[Opening Data for analysis section]

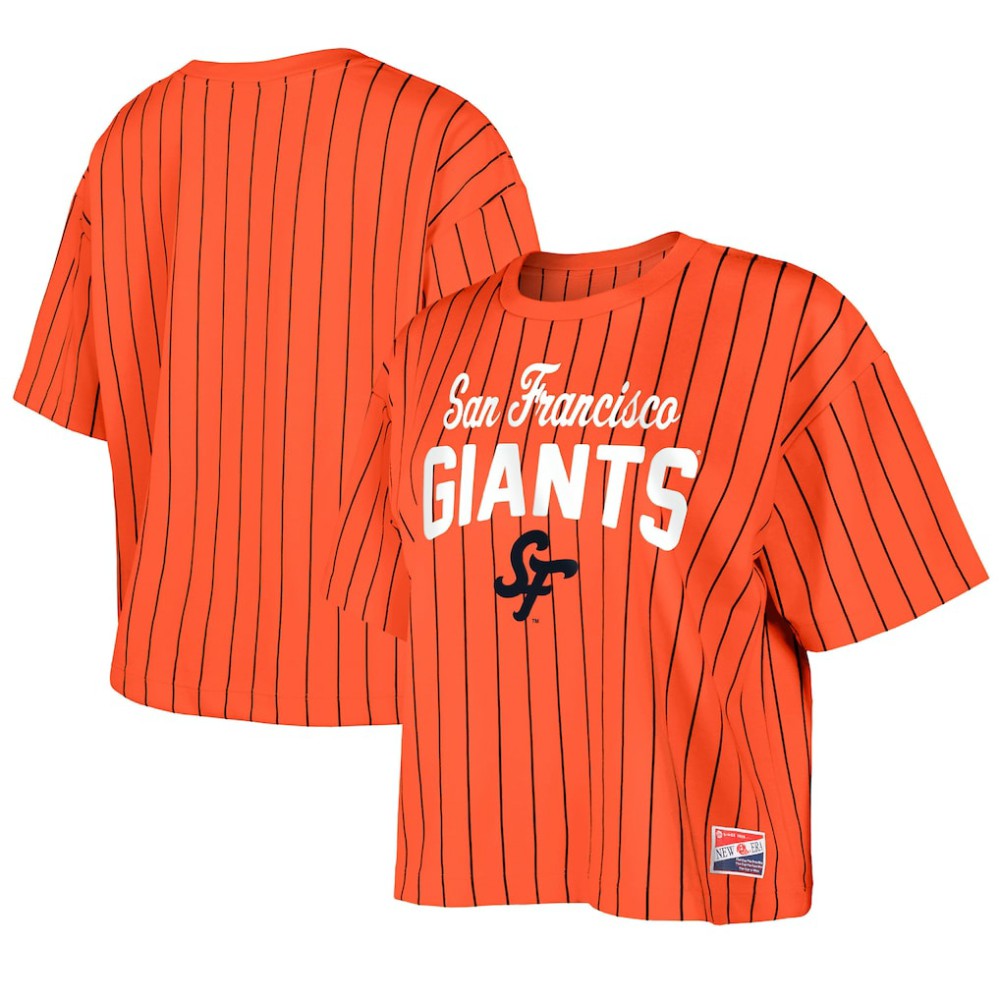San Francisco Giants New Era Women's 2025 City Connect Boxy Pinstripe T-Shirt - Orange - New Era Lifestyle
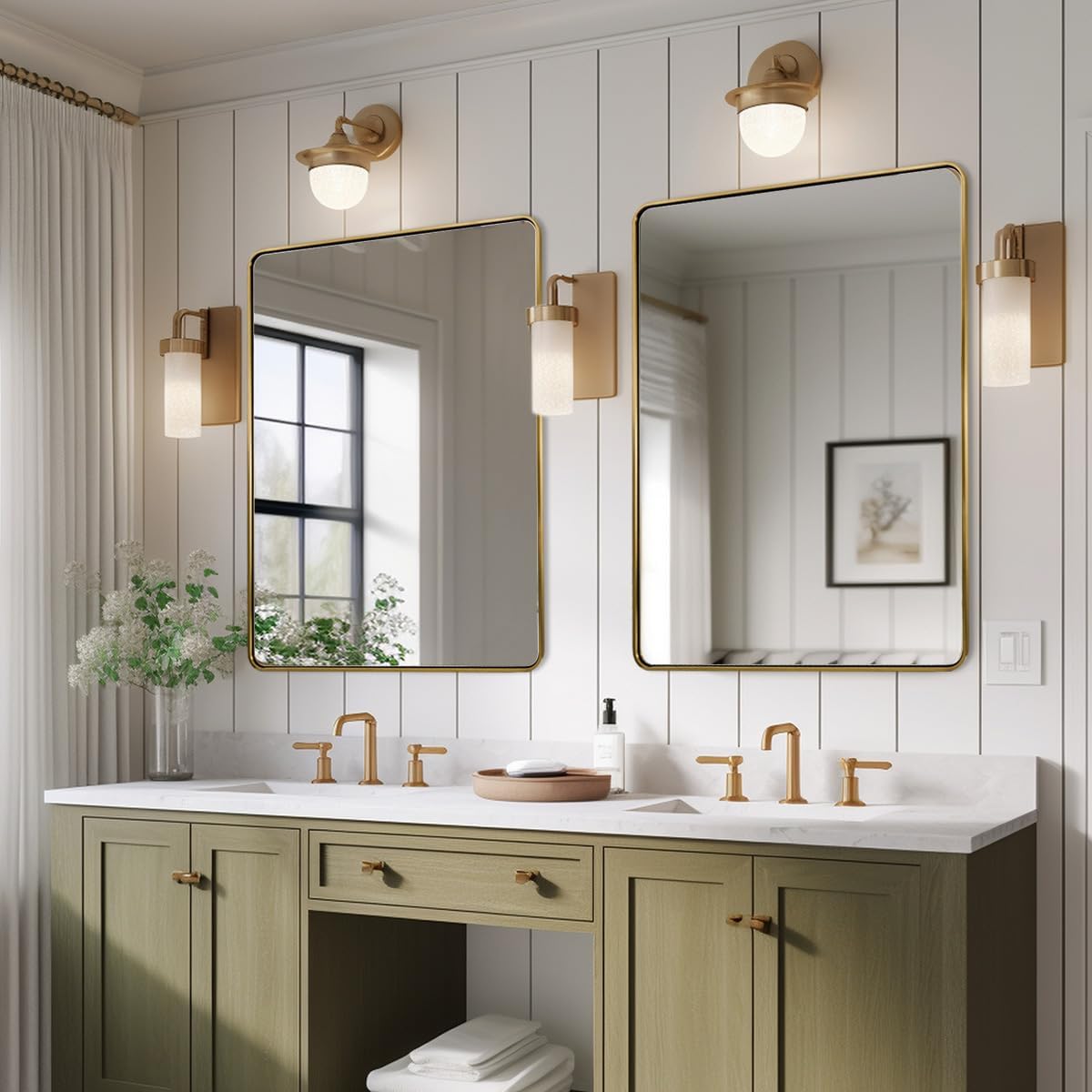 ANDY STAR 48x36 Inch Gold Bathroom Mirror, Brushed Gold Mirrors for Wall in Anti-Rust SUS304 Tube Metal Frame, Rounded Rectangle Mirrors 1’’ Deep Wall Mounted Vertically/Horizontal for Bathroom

[Closing Data for analysis section]
[Opening Data for analysis section]

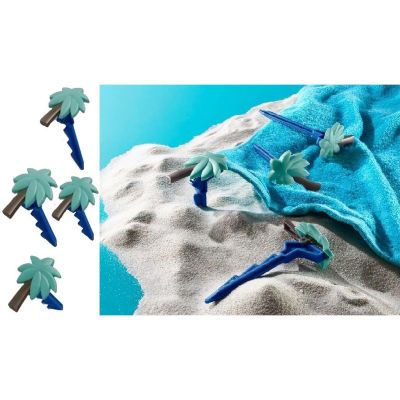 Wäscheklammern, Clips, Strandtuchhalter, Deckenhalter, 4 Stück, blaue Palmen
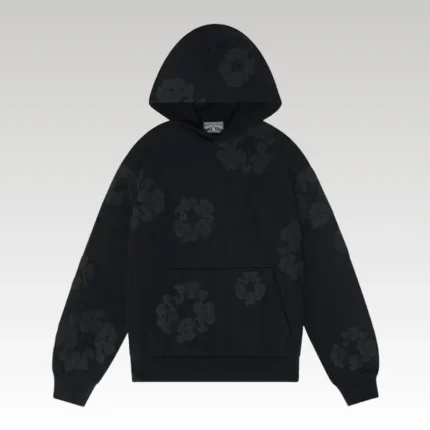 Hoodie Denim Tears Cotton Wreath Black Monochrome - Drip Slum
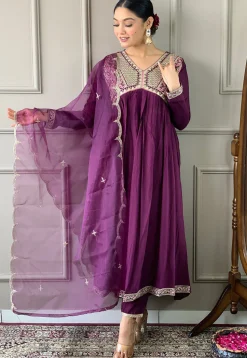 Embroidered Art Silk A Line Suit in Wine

[Closing Data for analysis section]
[Opening Data for analysis section]

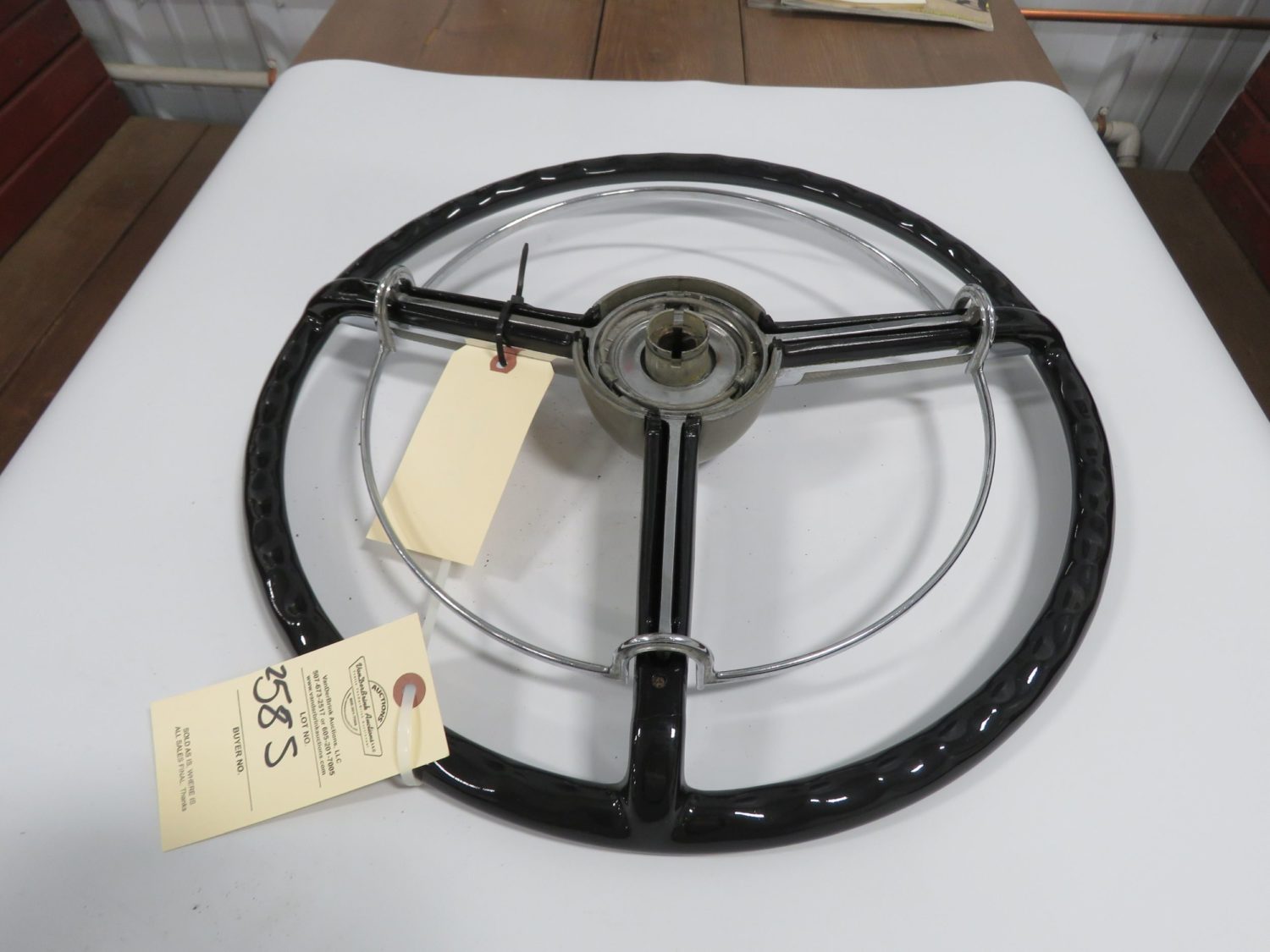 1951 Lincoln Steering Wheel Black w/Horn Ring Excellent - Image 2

[Closing Data for analysis section]

• _Assignment_: Please repeat the lines of the material above exactly, starting with the line that contains "San Francisco Giants" and ending with the line that contains "ANDY STAR 48x36". Leave the pictures out.

• _Answer for the task_:
San Francisco Giants New Era Women's 2025 City Connect Boxy Pinstripe T-Shirt - Orange - New Era Lifestyle
 ANDY STAR 48x36 Inch Gold Bathroom Mirror, Brushed Gold Mirrors for Wall in Anti-Rust SUS304 Tube Metal Frame, Rounded Rectangle Mirrors 1’’ Deep Wall Mounted Vertically/Horizontal for Bathroom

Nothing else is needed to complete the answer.